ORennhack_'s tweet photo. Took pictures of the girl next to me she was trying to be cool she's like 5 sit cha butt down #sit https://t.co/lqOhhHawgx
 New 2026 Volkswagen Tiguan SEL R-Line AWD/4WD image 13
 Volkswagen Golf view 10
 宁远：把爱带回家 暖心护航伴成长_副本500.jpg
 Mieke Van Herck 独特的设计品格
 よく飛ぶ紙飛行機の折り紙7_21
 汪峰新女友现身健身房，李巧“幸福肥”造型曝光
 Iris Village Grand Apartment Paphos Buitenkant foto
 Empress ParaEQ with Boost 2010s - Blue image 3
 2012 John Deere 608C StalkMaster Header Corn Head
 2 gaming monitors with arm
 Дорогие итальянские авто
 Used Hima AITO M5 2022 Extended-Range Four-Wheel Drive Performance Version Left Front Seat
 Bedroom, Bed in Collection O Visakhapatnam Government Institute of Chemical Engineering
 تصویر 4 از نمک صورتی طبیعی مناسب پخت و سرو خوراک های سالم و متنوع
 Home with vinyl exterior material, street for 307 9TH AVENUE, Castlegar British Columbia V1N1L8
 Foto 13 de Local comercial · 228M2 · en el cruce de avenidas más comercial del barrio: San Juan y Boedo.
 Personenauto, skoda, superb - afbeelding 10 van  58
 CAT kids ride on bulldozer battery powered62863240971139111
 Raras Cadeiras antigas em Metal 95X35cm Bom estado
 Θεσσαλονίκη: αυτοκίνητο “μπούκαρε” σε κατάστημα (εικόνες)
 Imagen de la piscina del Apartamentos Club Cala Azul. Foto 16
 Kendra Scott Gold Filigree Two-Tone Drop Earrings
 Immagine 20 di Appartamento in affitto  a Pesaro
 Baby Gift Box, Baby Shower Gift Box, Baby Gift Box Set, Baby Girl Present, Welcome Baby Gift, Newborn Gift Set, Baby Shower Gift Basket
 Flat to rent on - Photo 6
- - -
### Problem details
Find the count of lines in the data above where the word "Volkswagen" occurs, and write down only that count.

### Solution for this task
2